Emmanuel Carrère, Limonov, P.O.L., p. 162.

Guillaume Colnot, 8 nov. 2012
histoire

Chemin faisant, l’Histoire, avec ses grands et ses petits récits, ses simples bulles de sens et son grand vent, m’a rattrapé, prenant une importance que je n’avais pas prévue tout d’abord. Mais ce qui est venu ainsi à ma rencontre, ce n’est ni l’histoire des manuels ni celle des guides, c’est ce qu’il faudrait appeler une histoire des traces, dont le présent serait l’affleurement. Le présent, en effet, pour peu qu’on le considère avec un peu d’insistance, finit presque toujours par apparaître comme l’espace infini et pourtant sans épaisseur où remontent lentement, comme par le fait d’une résurgence invisible, les traces parfois très lointaines de sa formation. Tandis qu’inversement commencent à descendre et s’enfoncer en lui, puis au-delà de lui, les signaux par lesquels lui parvient ce qui le dissout et le renouvelle. Se tenir aux aguets de ce double mouvement, dans l’étendue d’un paysage qui tantôt l’apaise et tantôt l’accélère, c’est ce que j’aurai essayé de faire, en cherchant à fixer au passage ce que l’on devrait pouvoir appeler l’instantané mobile d’un pays.

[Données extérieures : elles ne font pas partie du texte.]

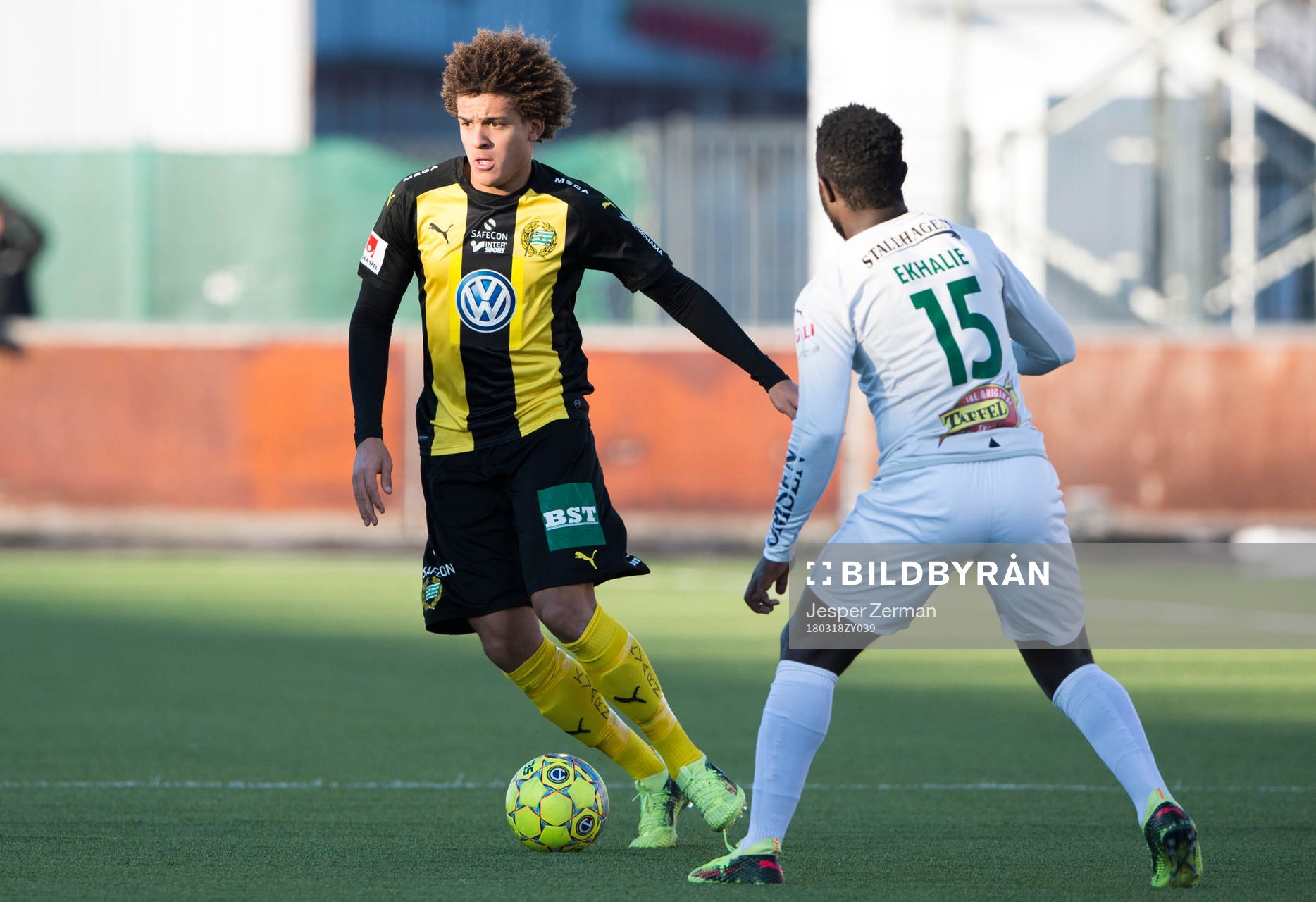 Hammarbys Neto Borges och Mariehamns Amos Ekhalie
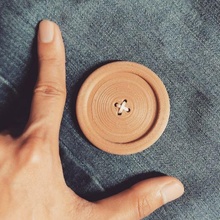 gros boutons bouton couture vêtements 3d print model - Mito3D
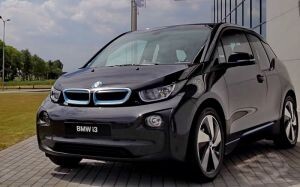 Владельцу BMW i3 пришло извещение об уплате транспортного налога. Разве это законно?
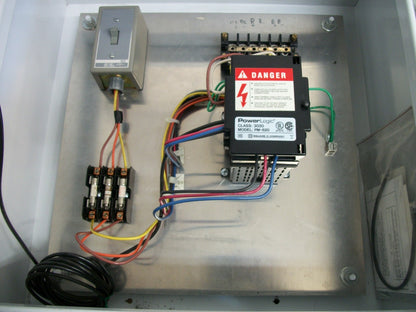 SQUARE D ENCL POWERLOGIC POWER METER TYPE 12 3020PM620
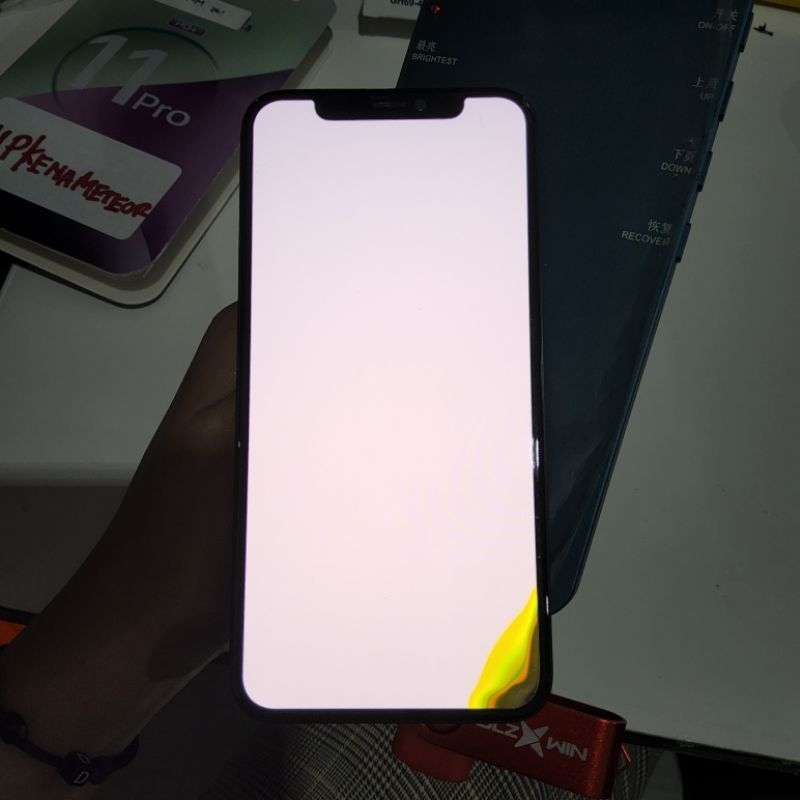 LCD IPHONE 11 PRO ORI MINUS SEPERTI DIFOTO SELEBIHNYA NORMAL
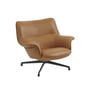Muuto - Doze Lounge Chair Low, draaivoet antraciet-zwart / bekleding cognac (Refine leer)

Jean-Christophe Bailly, Le dépaysement. Voyages en France, Seuil, p. 14.

Cécile Carret, 15 déc. 2012
équidistant

L’œil équidistant de la lune quand on se déplace.

Emmanuelle Guattari, Ciels de Loire, Mercure de France, p. 103.

Cécile Carret, 23 sept. 2013
vieillissement

Le vieillissement des oncles, leur lent au-revoir.

Ce lent effacement des visages glorieux, cette longue distillation du changement dans les traits.

Emmanuelle Guattari, Ciels de Loire, Mercure de France, p. 109.